VW-Markenchef Bernhard schlägt versöhnlichere Töne an
Wolfsburg vor Zuschlag für Gelände-Golf

Der für 2007 geplante Golf-Geländewagen Marrakesch wird nun doch wahrscheinlich in Wolfsburg und nicht im portugiesischen Werk Palmela gebaut.

FRANKFURT. "Ich glaube, dass wir das hinbekommen", sagte VW-Markenchef Wolfgang Bernhard in Frankfurt. Bernhard verlangt für die Zusage Eingeständnisse der Arbeitnehmer, die die Kosten je Fahrzeug um 850 Euro senken sollen. Primär geht es um 1000 Arbeitsplätze, doch VW hat die Entscheidung zum Testfall für den Produktionsstandort Deutschland und den Haustarifvertrag ausgerufen.

Die endgültige Entscheidung über den Standort soll spätestens übernächste Woche fallen. Wahrscheinlich werden die beiden Verhandlungsparteien aber versuchen, sich noch vor der Aufsichtsratssitzung Ende kommender Woche zu einigen, hieß es im Umfeld des Unternehmens. Bernhard betonte, sein Verhandlungsgegner, der Gesamtbetriebsratschef Bernd Osterloh, sei sich des Ernstes der Lage bewusst und arbeite mit ihm an einer Lösung: "Wir müssen es schaffen, innerhalb des Haustarifvertrages wettbewerbsfähig zu bleiben", sagte der Ex-Daimler-Manager.

Auch der niedersächsische Ministerpräsident, der den größten VW-Aktionär im Aufsichtsrat vertritt, machte sich indirekt für Wolfsburg stark. Ziel der Verhandlungen müsse es sein, "möglichst viele und sichere Arbeitsplätze zu erhalten". Doch er schränkte ein, dass es nicht sinnvoll sei, "Mitarbeiter zu haben, die keine Autos produzieren". In der Finanzbranche wird davor gewarnt, dass sich VW aus politischen Gründen doch noch auf einen Kompromiss einigen könnte. "Hinter das Verhandlungsziel darf VW nicht zurück. Wenn Wolfsburg den Zuschlag ohne die Zugeständnisse bekäme, wäre das ein schlechtes Signal für die Aktie", sagte Albrecht Denninghoff, Autoexperte der Hypovereinsbank.

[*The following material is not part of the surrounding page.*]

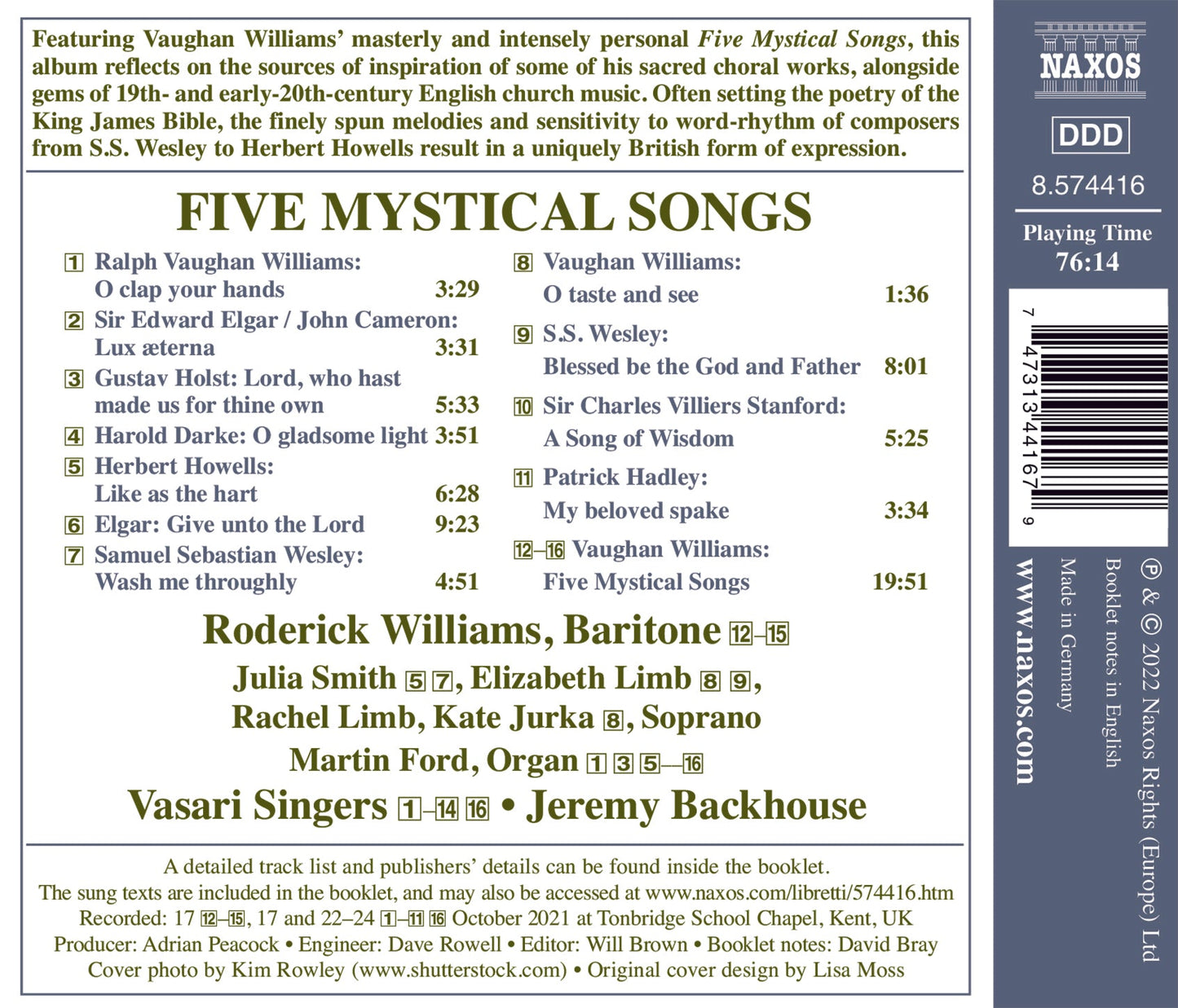 Vaughan Williams: Five Mystical Songs & Other British Choral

Das VW-Papier ist seit Mai um mehr als 40 Prozent gestiegen. Zuletzt hatte VW-Chef Bernd Pischetsrieder den Kurs mit der Ankündigung beflügelt, das Ergebnis bis 2008 um netto vier Mrd. Euro verbessern zu wollen. Um dies zu erreichen, muss VW wegen der schwierigen Marktverfassung und steigender Rohstoffpreise die Kosten wohl wesentlich stärker senken als ohnehin schon geplant.